Captioned web images:
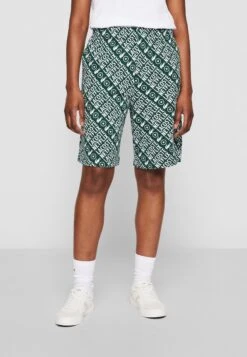 Lacoste X Netflix - Shorts - Green/White 11 Lacoste X Netflix - Shorts - Green/White -Tienda De Moda Femenina 9b4c14613e184a9f8c80f5bd3e358d02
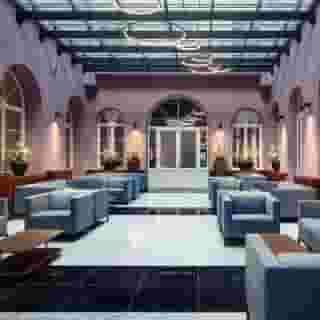 Michelangelo Grand Hotel, 4 of 5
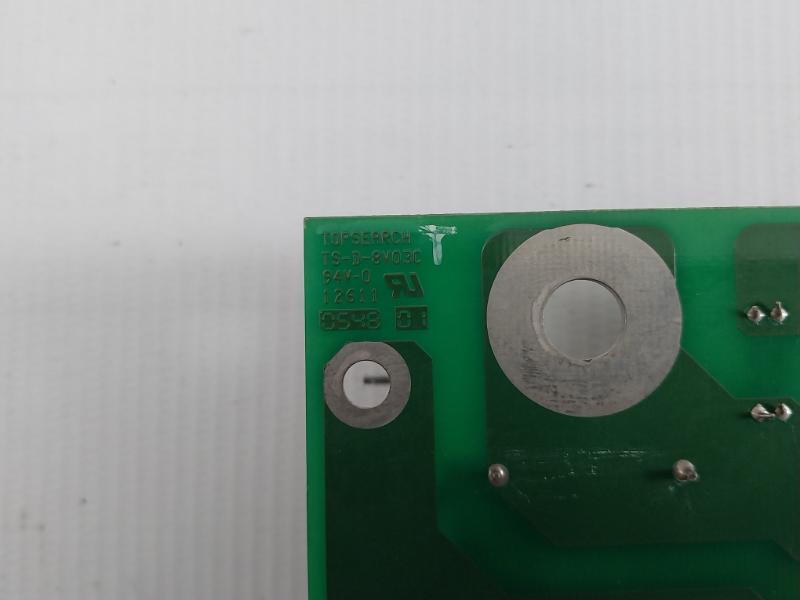 Printed Circuit Board Merlin Gerin 51028142Xd-2Ba 94V-0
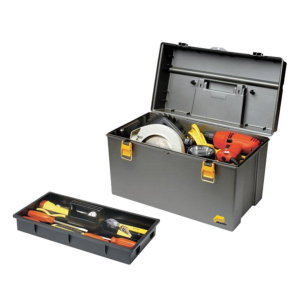 Extra Deep Toolbox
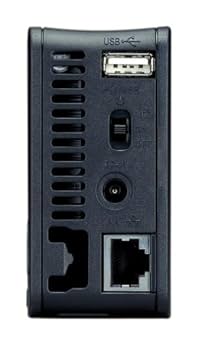 外付けハードディスク・ドライブ BUFFALO LinkStation NAS(LS-WX1.0TBTL/R1) バッファロー LinkStation LS-WX1.0TL/R1 価格比較 - 価格.com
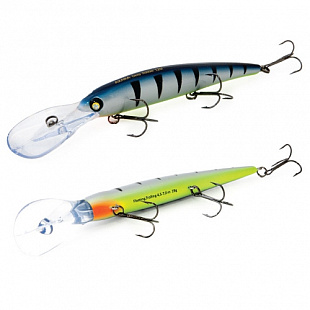 Воблер Akara Deep Robber 120F A26 DR120F-A26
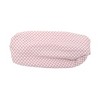 Unique Bargains Women's Argyle Wide Fabric Headband 1 Pc - 4 of 4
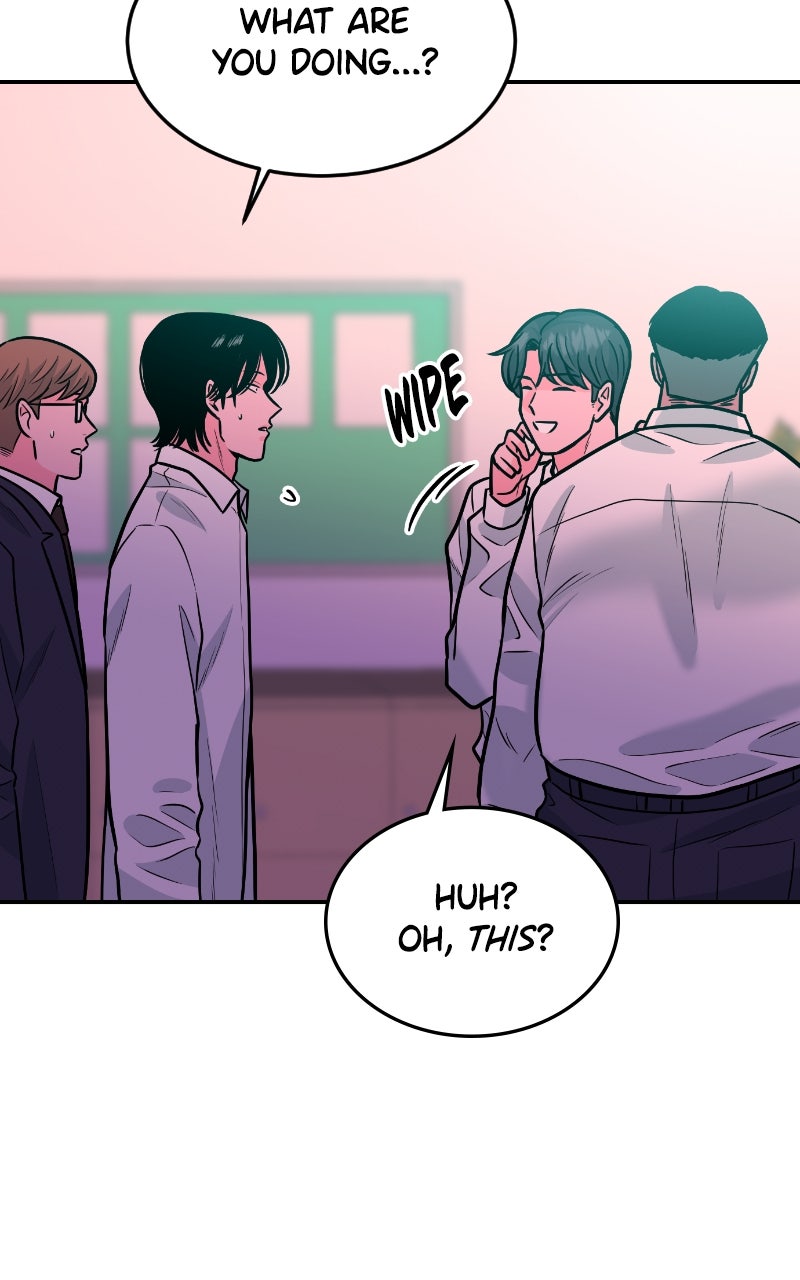 The Good Student Ep. 40 - Jeong-u Wu and Daehan Hwang (2) page 31 - 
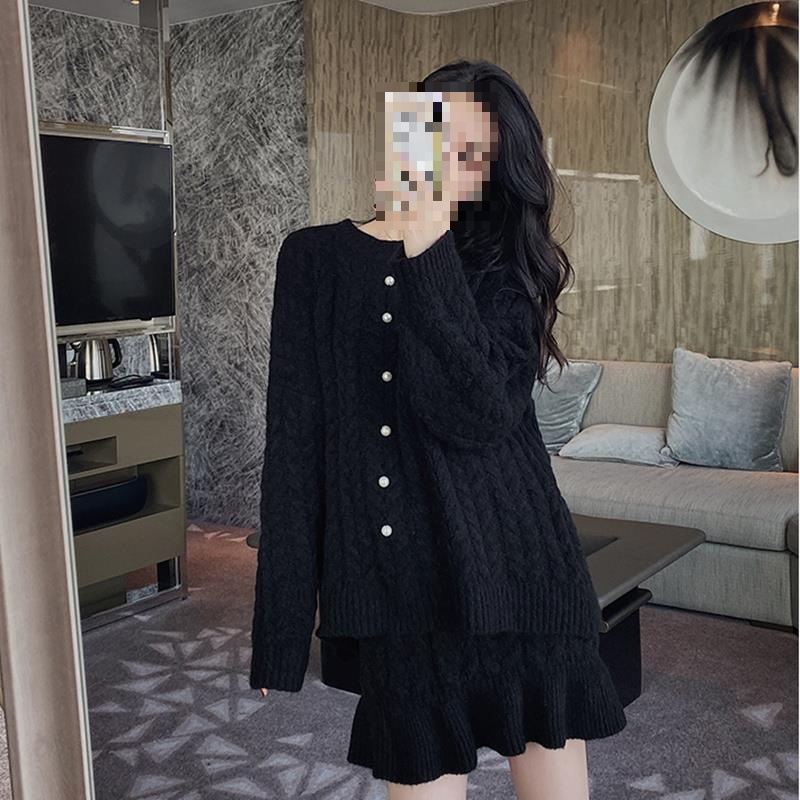 PremiumKoreanWinterStyle Set T - đánh giá và giá Women Fashion Outfits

◆ **Task to complete**
In the records above, find the line containing "Воблер Akara Deep Robber 120F A26 DR120F-A26" and output every line from the first through that one, exactly, omitting pictures.

◆ **Completed task**
 Lacoste X Netflix - Shorts - Green/White 11 Lacoste X Netflix - Shorts - Green/White -Tienda De Moda Femenina 9b4c14613e184a9f8c80f5bd3e358d02
 Michelangelo Grand Hotel, 4 of 5
 Printed Circuit Board Merlin Gerin 51028142Xd-2Ba 94V-0
 Extra Deep Toolbox
 外付けハードディスク・ドライブ BUFFALO LinkStation NAS(LS-WX1.0TBTL/R1) バッファロー LinkStation LS-WX1.0TL/R1 価格比較 - 価格.com
 Воблер Akara Deep Robber 120F A26 DR120F-A26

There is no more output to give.